3 DOS DITOS E NÃO-DITOS SOBRE O CASO
3.2 Soltando a voz nas redes sociais
3.2.1 Dos usos e formatos
3.2.1.1 Das imagens
Estes conteúdos se dividem, quanto à composição, em dois tipos: no primeiro, agrupamos os cards de feitura publicitária; no segundo, reunimos os registros fotojornalísticos. Nivelamos o conteúdo presente nestes indicadores a partir dos caracteres do conteúdo e suas finalidades narrativas.

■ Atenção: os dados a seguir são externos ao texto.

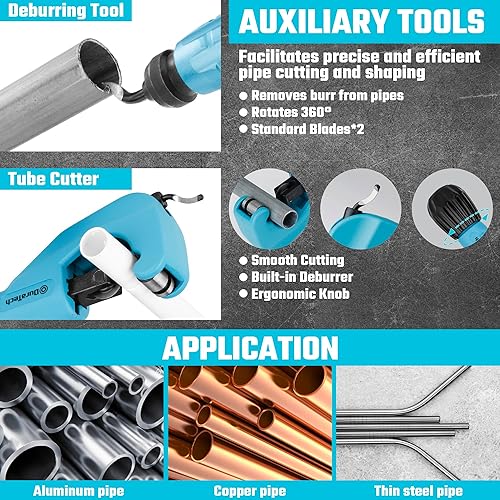Miniatura 4 de DURATECH Juego de dobladora de tubos, dobladora de tubos de trinquete de 1/4"-7/8" O.D. con cortador de tuberías y herramienta de desbarbado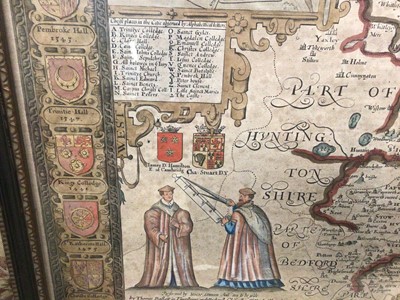 Lot 870 - John Speede: 17th century hand-coloured engraved map of Cambridgeshire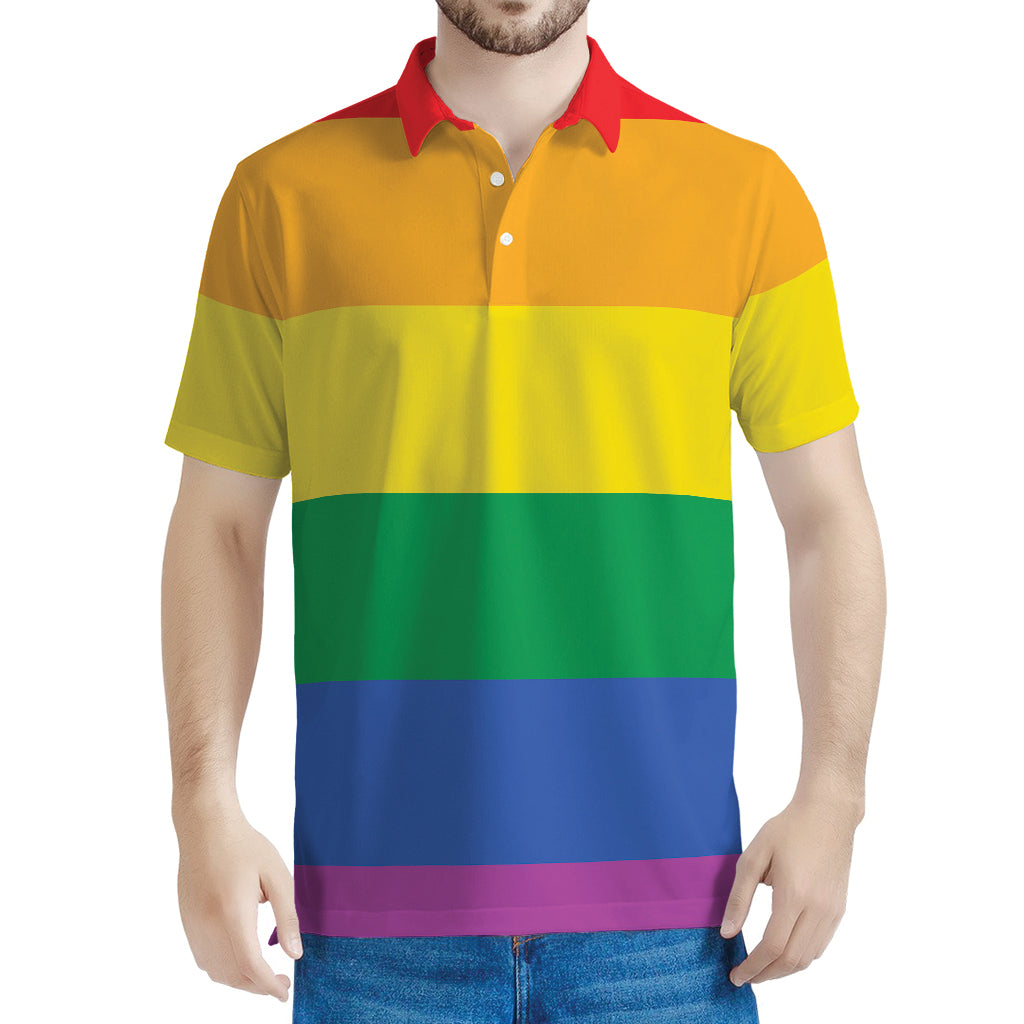 LGBT Pride Rainbow Flag Print Men's Polo Shirt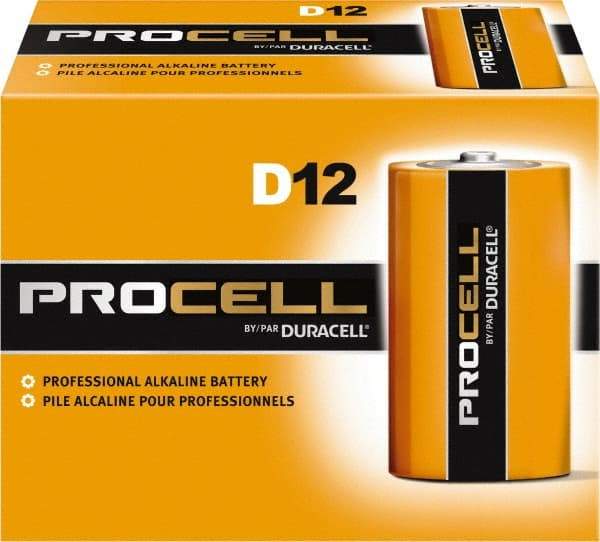 Duracell - Size D, Alkaline, Standard Battery - 1.5 Volts, Button Tab Terminal - Top Tool & Supply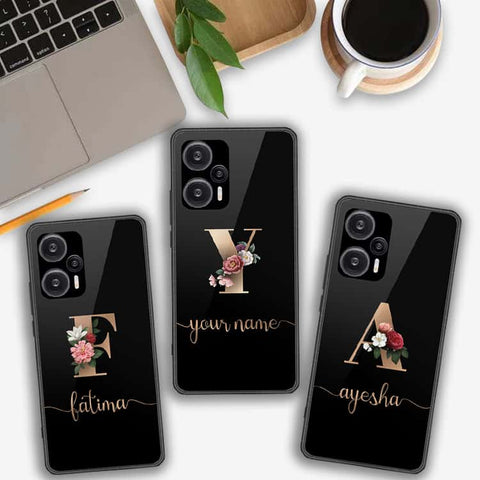 Xiaomi Redmi Note 12 Turbo  Cover- Personalized Alphabet Series - HQ Ultra Shine Premium Infinity Glass Soft Silicon Borders Case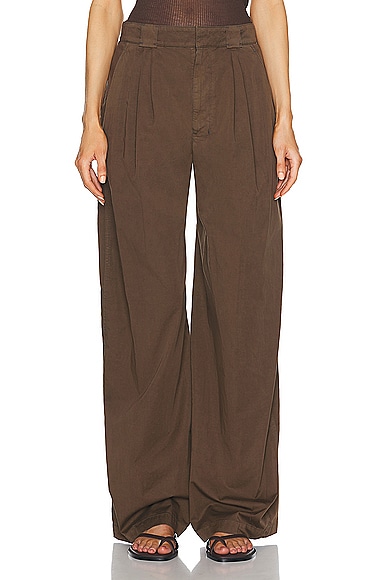 Shop Lemaire Wide Leg Pant In Dark Tobacco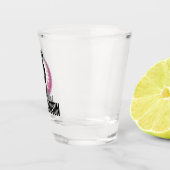 ミニマリスト女性ゴルファー – ピンクボールデザイン ショットグラス (右)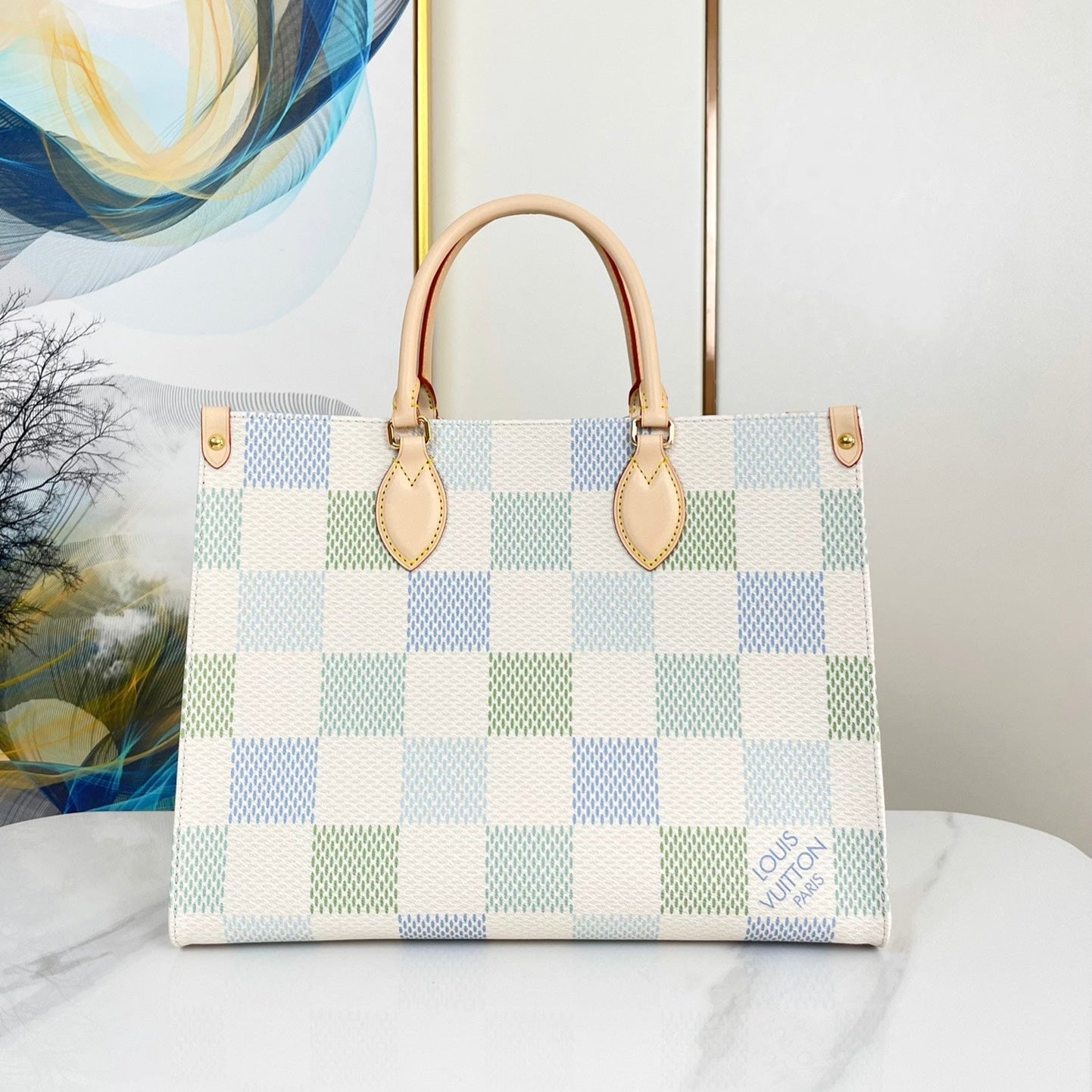 ONTHEGO 35 IN PISTACHIO DAMIER GIANT CANVAS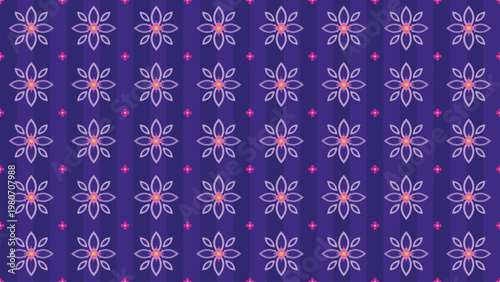 Seamless floral pattern featuring elegant stylized outline flowers in lavender and pink hues, set against a rich deep purple and dark blue striped background, ideal for decorative textile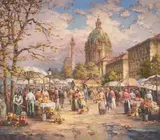 Karlskirche, Vienna by Horst Miesler, oil on canvas (unstretched), sold Jan 2021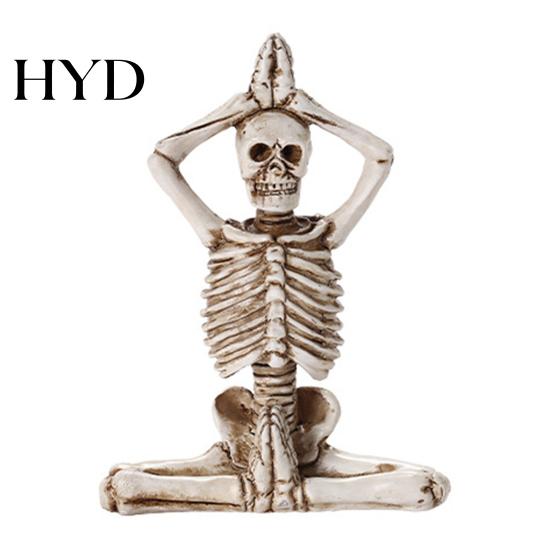 Gothic Yoga Skull Decoration Halloween Skeleton Statue, Funny Dead Figure for Party Decor, Combination Posture Decor Resin Ornament Haunted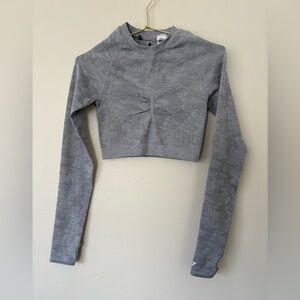 Gymshark Gray Cropped Long Sleeve Open Back Workout Top Size S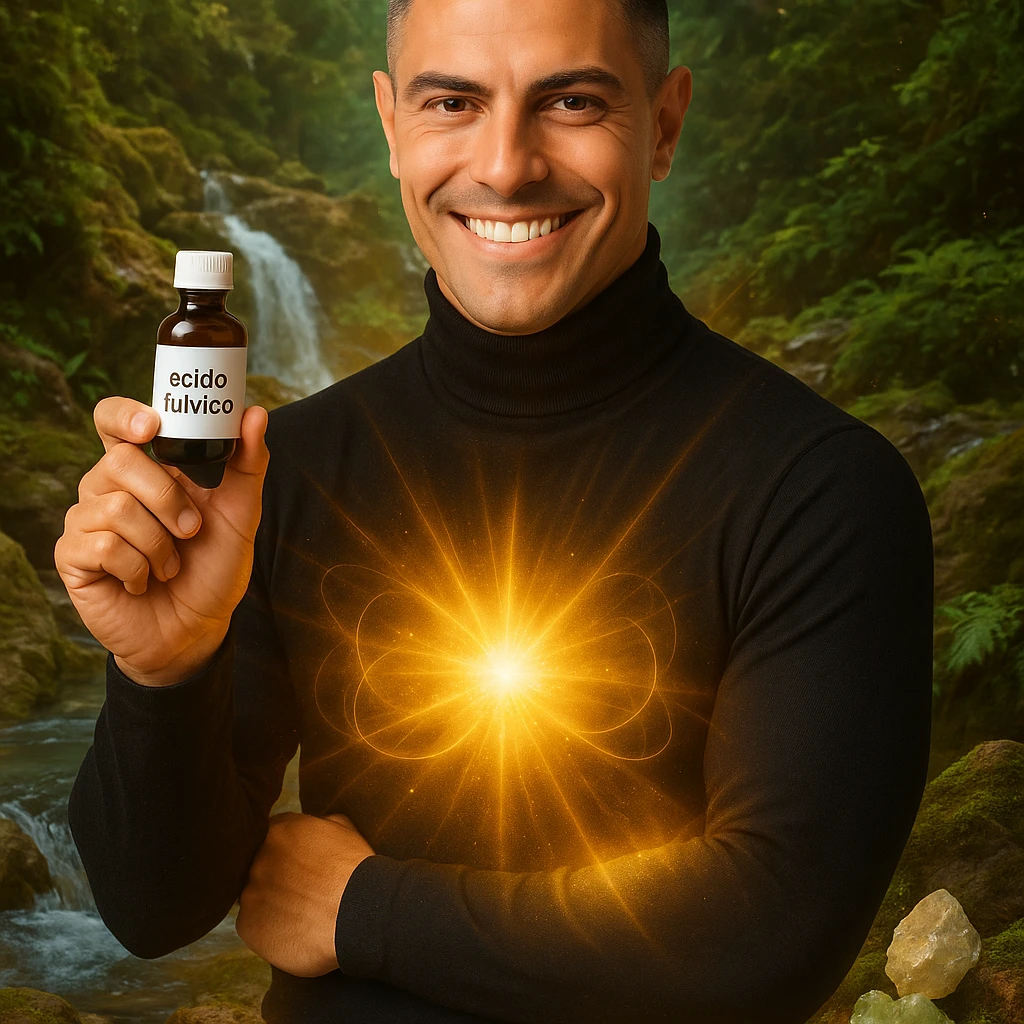 Uomo con il viso del riferimento, tiene una boccetta 'acido fulvico', energia luminosa su addome, ambiente naturale, elementi di purificazione come acqua e minerali, atmosfera benessere, testo in italiano. emoji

Em card, estabelecemos as seguintes categorias: Tratamos por ‘Programação’ o chamado público para atividades realizadas nos espaços ocupados; ‘Notas’ exprimem posicionamentos políticos, tecem pontes de solidariedade e divulgam conquistas; ‘Campanha’ trata das ações de solicitação de apoio de doações para manutenção das ocupações; ‘Meme’ é voltado à comicidade sobre assuntos correlatos; ‘Explicativo’ reúne publicações voltadas a justificar a ação e denunciar o status estrutural das universidades; ‘Cartoon’ agrega a comunicação por meio de expressões visuais e, por fim; ‘Gestão’ orientada ao manejo do suporte, como troca de capas e outras fundamentações – registrada na figura 6.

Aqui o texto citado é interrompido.